Te alabamos porque anunciaste el Evangelio con valentía, sin dejarte vencer por el miedo ni por las dificultades. Tu vida fue un canto de fidelidad y una proclamación de que Cristo vive y permanece para siempre con su Iglesia.
Te alabamos porque fuiste el primero de los apóstoles en derramar tu sangre por Cristo, convirtiéndote en ejemplo de fortaleza, esperanza y amor inquebrantable.
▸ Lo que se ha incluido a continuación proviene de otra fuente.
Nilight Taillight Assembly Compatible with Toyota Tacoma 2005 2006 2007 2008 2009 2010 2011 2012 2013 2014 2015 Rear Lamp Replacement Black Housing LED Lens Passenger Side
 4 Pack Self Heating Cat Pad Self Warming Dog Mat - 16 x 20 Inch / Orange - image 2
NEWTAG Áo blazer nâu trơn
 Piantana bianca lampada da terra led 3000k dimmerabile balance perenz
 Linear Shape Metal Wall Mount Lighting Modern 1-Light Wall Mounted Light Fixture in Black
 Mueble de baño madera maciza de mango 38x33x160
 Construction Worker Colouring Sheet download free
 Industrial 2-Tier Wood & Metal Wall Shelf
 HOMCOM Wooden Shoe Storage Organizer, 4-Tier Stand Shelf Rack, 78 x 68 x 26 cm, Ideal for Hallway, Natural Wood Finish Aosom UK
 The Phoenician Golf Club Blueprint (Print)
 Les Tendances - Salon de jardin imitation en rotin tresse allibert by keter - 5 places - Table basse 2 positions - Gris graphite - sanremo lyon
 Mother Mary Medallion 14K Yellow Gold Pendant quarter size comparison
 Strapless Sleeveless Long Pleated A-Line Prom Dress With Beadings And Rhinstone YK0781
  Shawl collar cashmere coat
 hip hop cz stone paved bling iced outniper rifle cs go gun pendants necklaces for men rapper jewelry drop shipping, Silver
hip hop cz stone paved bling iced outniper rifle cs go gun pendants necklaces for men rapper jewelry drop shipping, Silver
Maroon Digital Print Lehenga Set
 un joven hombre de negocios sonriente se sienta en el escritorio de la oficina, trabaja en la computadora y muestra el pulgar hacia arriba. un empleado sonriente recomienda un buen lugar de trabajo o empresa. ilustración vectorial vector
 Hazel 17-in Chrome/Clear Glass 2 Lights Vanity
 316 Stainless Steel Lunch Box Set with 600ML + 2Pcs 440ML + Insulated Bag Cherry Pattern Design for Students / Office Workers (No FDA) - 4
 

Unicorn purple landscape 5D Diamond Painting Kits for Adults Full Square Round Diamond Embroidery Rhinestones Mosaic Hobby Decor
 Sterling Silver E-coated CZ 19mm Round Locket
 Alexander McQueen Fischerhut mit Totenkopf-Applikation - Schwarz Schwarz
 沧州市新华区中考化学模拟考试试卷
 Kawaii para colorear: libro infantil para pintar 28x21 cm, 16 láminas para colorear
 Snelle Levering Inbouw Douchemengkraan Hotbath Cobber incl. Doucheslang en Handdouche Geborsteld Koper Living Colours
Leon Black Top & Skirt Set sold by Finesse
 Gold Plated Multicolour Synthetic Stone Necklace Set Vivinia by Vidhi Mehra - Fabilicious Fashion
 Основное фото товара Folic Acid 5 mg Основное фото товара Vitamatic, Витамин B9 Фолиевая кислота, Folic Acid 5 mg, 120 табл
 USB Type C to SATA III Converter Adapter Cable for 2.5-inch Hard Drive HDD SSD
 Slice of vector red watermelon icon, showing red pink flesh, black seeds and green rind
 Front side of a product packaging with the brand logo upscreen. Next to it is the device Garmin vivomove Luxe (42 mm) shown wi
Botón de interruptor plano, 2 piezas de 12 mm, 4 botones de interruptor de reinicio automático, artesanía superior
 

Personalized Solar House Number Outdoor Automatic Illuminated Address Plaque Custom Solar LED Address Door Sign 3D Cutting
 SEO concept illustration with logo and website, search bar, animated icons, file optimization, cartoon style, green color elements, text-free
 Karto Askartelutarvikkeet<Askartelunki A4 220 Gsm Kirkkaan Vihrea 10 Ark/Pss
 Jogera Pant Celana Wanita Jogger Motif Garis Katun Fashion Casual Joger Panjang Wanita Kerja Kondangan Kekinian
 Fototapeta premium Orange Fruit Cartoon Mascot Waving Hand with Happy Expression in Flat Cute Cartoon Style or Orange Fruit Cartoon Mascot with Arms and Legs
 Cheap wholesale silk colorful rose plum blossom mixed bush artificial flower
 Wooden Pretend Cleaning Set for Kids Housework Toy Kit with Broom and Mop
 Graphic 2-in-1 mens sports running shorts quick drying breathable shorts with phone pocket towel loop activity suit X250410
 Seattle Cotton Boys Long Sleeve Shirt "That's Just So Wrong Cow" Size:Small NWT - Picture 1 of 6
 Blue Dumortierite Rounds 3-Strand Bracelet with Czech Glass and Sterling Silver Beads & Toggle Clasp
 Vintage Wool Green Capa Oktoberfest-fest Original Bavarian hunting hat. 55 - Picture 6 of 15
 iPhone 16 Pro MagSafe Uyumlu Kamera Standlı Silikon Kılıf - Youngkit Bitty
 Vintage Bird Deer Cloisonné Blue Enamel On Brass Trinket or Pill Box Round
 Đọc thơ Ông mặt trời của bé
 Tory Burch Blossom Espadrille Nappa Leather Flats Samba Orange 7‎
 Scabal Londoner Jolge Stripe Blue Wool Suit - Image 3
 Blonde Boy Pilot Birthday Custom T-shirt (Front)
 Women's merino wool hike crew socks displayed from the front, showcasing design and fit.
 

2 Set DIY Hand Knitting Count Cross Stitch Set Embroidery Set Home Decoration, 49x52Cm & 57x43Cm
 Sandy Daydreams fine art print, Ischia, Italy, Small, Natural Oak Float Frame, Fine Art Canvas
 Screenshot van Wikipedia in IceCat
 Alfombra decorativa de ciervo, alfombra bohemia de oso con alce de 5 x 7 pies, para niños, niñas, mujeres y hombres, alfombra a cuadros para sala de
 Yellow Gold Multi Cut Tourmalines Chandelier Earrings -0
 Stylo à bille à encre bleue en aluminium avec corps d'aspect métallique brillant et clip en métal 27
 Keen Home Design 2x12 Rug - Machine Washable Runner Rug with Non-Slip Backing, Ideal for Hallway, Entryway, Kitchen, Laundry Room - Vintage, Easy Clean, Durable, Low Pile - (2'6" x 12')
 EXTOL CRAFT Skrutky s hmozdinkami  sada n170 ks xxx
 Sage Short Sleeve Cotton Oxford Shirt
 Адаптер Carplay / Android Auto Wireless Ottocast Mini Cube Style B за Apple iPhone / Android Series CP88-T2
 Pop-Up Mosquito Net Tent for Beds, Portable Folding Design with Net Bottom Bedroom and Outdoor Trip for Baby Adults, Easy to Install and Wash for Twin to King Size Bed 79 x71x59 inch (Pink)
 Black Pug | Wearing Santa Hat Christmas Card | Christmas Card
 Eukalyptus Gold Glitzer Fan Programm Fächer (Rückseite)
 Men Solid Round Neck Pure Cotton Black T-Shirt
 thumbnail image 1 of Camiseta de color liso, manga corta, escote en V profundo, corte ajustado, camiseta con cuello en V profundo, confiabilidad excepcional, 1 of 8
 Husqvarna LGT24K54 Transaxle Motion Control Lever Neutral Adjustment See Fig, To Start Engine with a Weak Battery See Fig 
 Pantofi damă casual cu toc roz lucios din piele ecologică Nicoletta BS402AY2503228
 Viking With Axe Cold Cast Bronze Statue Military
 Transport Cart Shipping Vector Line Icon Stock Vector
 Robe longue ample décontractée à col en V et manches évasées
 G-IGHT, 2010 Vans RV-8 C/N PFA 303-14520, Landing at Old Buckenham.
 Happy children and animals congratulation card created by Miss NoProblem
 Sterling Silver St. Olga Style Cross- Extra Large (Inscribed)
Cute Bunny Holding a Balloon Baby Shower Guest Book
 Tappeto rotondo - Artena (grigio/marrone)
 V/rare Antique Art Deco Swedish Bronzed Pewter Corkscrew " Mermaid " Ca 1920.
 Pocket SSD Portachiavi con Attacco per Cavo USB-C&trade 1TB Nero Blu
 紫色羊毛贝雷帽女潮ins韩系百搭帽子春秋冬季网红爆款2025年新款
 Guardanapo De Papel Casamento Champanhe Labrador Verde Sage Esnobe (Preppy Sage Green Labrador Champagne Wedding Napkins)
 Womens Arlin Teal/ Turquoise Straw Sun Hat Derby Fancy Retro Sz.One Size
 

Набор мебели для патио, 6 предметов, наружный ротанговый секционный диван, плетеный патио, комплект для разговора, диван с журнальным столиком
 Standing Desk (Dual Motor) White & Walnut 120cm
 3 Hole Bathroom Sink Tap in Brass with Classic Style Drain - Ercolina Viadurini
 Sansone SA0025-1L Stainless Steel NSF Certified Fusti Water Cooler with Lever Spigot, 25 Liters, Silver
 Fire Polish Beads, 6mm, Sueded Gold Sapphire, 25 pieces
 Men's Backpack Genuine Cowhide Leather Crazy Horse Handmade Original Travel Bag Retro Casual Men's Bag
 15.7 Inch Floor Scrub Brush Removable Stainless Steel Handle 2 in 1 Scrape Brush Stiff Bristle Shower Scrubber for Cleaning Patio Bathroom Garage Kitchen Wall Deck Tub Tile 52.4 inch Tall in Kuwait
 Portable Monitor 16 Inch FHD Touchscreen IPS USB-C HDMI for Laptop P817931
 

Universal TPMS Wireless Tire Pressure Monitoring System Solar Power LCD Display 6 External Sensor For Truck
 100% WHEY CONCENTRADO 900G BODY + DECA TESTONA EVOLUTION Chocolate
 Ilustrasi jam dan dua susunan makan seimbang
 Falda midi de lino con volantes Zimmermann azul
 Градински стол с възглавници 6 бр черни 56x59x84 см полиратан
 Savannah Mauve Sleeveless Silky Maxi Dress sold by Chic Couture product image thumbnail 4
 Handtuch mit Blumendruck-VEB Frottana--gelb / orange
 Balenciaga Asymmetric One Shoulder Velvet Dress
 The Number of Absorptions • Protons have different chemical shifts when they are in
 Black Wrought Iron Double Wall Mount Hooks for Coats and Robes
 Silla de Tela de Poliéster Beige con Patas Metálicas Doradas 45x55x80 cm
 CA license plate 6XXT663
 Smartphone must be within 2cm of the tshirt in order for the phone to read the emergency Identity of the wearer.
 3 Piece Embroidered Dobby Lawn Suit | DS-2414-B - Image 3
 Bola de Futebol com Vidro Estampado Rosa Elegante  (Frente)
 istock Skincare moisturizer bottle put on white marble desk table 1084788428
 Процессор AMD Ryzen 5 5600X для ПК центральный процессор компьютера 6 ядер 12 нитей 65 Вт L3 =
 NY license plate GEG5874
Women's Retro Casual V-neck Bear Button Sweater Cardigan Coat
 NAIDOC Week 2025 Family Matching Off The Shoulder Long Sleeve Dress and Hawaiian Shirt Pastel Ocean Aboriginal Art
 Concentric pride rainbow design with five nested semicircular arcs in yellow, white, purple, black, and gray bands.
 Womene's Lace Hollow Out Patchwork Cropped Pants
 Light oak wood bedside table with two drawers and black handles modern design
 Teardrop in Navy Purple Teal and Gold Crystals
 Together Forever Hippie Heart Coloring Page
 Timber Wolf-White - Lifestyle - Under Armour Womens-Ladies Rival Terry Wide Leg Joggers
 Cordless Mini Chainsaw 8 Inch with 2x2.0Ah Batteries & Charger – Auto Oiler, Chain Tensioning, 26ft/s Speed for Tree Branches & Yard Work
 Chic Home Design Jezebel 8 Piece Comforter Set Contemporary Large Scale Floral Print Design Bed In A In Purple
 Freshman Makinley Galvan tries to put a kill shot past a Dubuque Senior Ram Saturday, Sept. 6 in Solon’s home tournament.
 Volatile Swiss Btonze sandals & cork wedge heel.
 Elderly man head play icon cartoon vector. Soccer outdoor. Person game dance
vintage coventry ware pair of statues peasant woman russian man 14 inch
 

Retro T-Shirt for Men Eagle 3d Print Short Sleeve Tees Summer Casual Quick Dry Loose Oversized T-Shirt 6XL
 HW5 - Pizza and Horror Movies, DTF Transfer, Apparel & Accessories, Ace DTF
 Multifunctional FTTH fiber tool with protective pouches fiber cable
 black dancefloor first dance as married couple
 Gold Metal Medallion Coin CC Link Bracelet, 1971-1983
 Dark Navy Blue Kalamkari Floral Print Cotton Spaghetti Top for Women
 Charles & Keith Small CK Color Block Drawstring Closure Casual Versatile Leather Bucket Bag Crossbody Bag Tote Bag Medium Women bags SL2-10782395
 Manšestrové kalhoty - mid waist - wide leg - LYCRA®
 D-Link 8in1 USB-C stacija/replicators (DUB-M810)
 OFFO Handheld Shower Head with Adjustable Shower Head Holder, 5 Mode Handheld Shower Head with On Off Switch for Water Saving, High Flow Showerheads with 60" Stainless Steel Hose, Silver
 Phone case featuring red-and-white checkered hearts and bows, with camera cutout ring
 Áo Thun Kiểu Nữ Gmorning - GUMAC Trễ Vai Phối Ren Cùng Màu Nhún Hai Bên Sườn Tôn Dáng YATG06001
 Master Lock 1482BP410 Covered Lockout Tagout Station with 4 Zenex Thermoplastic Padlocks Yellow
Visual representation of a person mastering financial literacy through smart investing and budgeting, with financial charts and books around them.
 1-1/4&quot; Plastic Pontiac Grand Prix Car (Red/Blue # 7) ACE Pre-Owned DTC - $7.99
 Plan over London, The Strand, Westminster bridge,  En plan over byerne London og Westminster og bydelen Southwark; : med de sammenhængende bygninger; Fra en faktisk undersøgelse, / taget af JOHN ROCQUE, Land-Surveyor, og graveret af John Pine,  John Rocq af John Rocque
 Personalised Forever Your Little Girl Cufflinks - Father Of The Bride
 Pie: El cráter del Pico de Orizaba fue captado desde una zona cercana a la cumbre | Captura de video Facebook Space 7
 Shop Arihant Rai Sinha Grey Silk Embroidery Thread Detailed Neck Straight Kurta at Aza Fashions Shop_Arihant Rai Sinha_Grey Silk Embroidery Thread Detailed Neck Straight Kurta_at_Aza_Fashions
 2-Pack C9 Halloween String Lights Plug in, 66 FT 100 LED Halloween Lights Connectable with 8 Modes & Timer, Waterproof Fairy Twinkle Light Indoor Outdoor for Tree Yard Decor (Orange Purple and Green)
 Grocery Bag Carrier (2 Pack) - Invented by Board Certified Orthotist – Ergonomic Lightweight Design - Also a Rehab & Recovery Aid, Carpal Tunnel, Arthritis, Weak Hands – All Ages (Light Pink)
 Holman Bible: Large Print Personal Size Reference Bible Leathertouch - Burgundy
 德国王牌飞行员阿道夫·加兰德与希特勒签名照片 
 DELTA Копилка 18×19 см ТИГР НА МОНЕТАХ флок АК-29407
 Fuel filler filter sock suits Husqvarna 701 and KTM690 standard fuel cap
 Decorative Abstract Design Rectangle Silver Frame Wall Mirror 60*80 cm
Tu martirio es semilla de nuevos cristianos y testimonio luminoso para todos los creyentes.
Te damos gracias porque, según una venerable tradición, sembraste la semilla del Evangelio en tierras de España, donde tantos hombres y mujeres encontraron en Cristo el camino de la vida, la verdad y la salvación.
Tu presencia espiritual sigue alentando a quienes recorren el Camino de Santiago buscando sentido, paz y encuentro con Dios. Santiago, patrono de España y peregrino del Reino de Dios, intercede por nuestras familias, por los jóvenes, por los enfermos, por quienes viven en soledad y por todos los que anuncian el Evangelio.
Alcánzanos un corazón misionero, generoso y dispuesto a servir sin buscar recompensas. Enséñanos a caminar con esperanza, a confiar plenamente en el Señor y a vivir cada día con la alegría de sabernos discípulos de Jesucristo.
Que nunca nos falte la fuerza para dar testimonio de nuestra fe con palabras sencillas, obras de amor y una vida coherente con el Evangelio.
Glorioso Santiago Apóstol, ruega por nosotros. Que Dios, por tu intercesión, fortalezca nuestra fe, renueve nuestra esperanza y haga crecer en nosotros un amor cada vez más profundo a Jesucristo y a su Iglesia. Amén.